After two decades and a deck of 65 slides, Paul Vallee finally got around to holding the first official product launch in his Ottawa company’s 20-year history.

That product is an analytics-as-a-service (AaaS) offering with the catchy yet cheeky name of Kick AaaS.

“You’re about to witness our first ever real product launch,” CEO Vallee told the crowd at a recent event held in New York by his IT services firm, Pythian.

Although a fellow Pythian exec revealed Vallee had actually started out with 200 slides for his keynote, the CEO managed to whittle that down to 65 slides before he took to the podium.

Pythian CEO Paul Vallee. (Image: YouTube)

Once he got up there, Vallee outlined Kick AaaS as a cloud-based, fully managed data analytics service. Built on open source, the platform integrates data from both private and public data sources. Users can flavour the mix with machine learning by opting for a ‘bring-your-own-data scientists’ approach or dipping into Pythian’s ML services.

For security, Kick AaaS encrypts data right at the initial ingestion phase.

“As we ingest customer data, it can be encrypted at rest with complete key segregation. (It) means that we will not have the keys to confidential data, only your users will,” Vallee said.

Besides allowing users to deal with large volumes of data – and scale their AaaS program up or down as their needs evolve – Vallee said running the solution in the cloud is “a fraction of the cost” of on-premise data warehousing and analytics.

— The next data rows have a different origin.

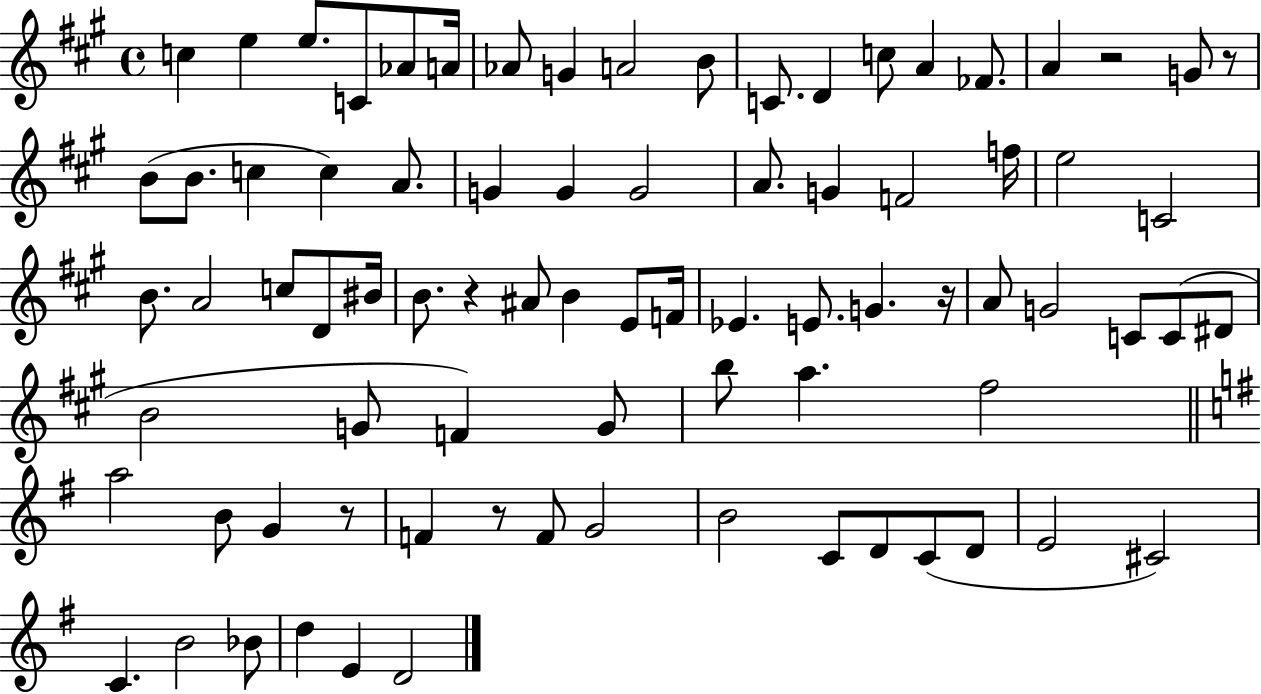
{
  \clef treble
  \time 4/4
  \defaultTimeSignature
  \key a \major
  \repeat volta 2 { c''4 e''4 e''8. c'8 aes'8 a'16 | aes'8 g'4 a'2 b'8 | c'8. d'4 c''8 a'4 fes'8. | a'4 r2 g'8 r8 | \break b'8( b'8. c''4 c''4) a'8. | g'4 g'4 g'2 | a'8. g'4 f'2 f''16 | e''2 c'2 | \break b'8. a'2 c''8 d'8 bis'16 | b'8. r4 ais'8 b'4 e'8 f'16 | ees'4. e'8. g'4. r16 | a'8 g'2 c'8 c'8( dis'8 | \break b'2 g'8 f'4) g'8 | b''8 a''4. fis''2 | \bar "||" \break \key g \major a''2 b'8 g'4 r8 | f'4 r8 f'8 g'2 | b'2 c'8 d'8 c'8( d'8 | e'2 cis'2) | \break c'4. b'2 bes'8 | d''4 e'4 d'2 | } \bar "|."
}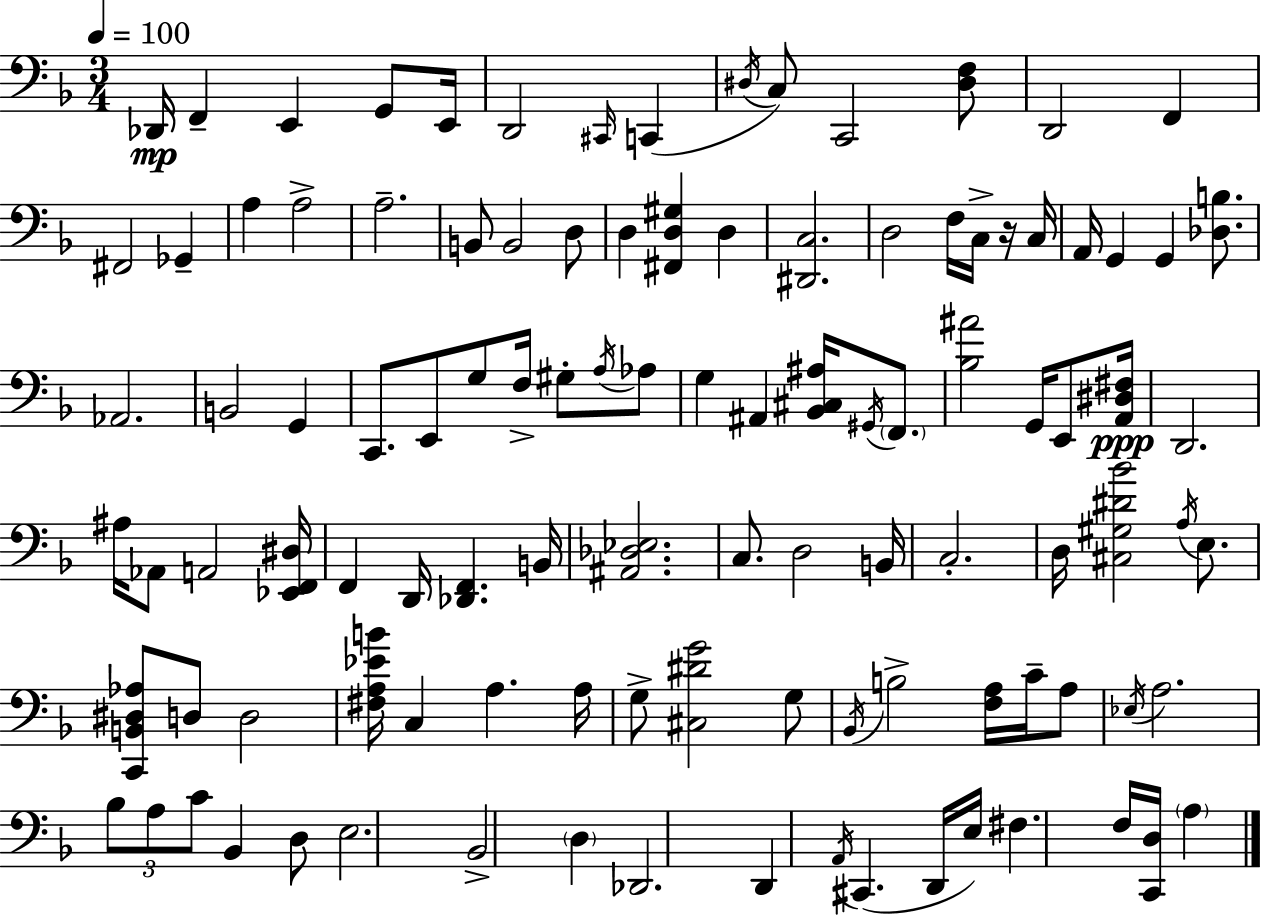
X:1
T:Untitled
M:3/4
L:1/4
K:Dm
_D,,/4 F,, E,, G,,/2 E,,/4 D,,2 ^C,,/4 C,, ^D,/4 C,/2 C,,2 [^D,F,]/2 D,,2 F,, ^F,,2 _G,, A, A,2 A,2 B,,/2 B,,2 D,/2 D, [^F,,D,^G,] D, [^D,,C,]2 D,2 F,/4 C,/4 z/4 C,/4 A,,/4 G,, G,, [_D,B,]/2 _A,,2 B,,2 G,, C,,/2 E,,/2 G,/2 F,/4 ^G,/2 A,/4 _A,/2 G, ^A,, [_B,,^C,^A,]/4 ^G,,/4 F,,/2 [_B,^A]2 G,,/4 E,,/2 [A,,^D,^F,]/4 D,,2 ^A,/4 _A,,/2 A,,2 [_E,,F,,^D,]/4 F,, D,,/4 [_D,,F,,] B,,/4 [^A,,_D,_E,]2 C,/2 D,2 B,,/4 C,2 D,/4 [^C,^G,^D_B]2 A,/4 E,/2 [C,,B,,^D,_A,]/2 D,/2 D,2 [^F,A,_EB]/4 C, A, A,/4 G,/2 [^C,^DG]2 G,/2 _B,,/4 B,2 [F,A,]/4 C/4 A,/2 _E,/4 A,2 _B,/2 A,/2 C/2 _B,, D,/2 E,2 _B,,2 D, _D,,2 D,, A,,/4 ^C,, D,,/4 E,/4 ^F, F,/4 [C,,D,]/4 A,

According to a product spec sheet, Kick AaaS is available in Google Cloud Platform, Amazon Web Services and Microsoft Azure. Under a standard Kick AaaS subscription, a maximum of three data sources can be integrated into a data hub and hosted in the cloud. Pythian develops and implements up to three analytics use cases, then translates them into visualizations so they can be interpreted more easily.

Self-service in high demand

UX (user experience) is one of the hottest trends in analytics, as enterprises clamor for self-service solutions that are easy enough for line of business managers to use with little or no IT department help.

Gartner Research noted in a February report that various business intelligence (BI) and analytics platforms have “emerged in the last few years to meet new organizational requirements for accessibility, agility and deeper analytical insight, shifting the market from IT-led, system-of-record reporting to business-led, agile analytics, including self-service.”

Gartner predicts that by 2020, 80 per cent of all enterprise reporting will be based on self-service BI and analytics platforms.

Pythian’s Ottawa office, one of six worldwide.

While Pythian’s website describes Kick AaaS as a “fully managed and supported system,” it also says the platform “enables self-service analytics for both technical and business users.”

Kick AaaS is joining a competitive field, since vendors such as IBM, Google, Microsoft and Tableau all offer self-service analytics and/or BI tools.

Pythian celebrates its twentieth anniversary in September. Since it was founded in 1997, the Ottawa company has opened foreign offices in London, New York, San Francisco, Sydney and Hyderabad, India. Today it has more than 400 staff worldwide and a client list that includes Fox Sports, American Apparel and Beats Music.

In 2014, Pythian made its first and only acquisition, buying DevOps and data managed services provider Blackbird.io for an undisclosed amount.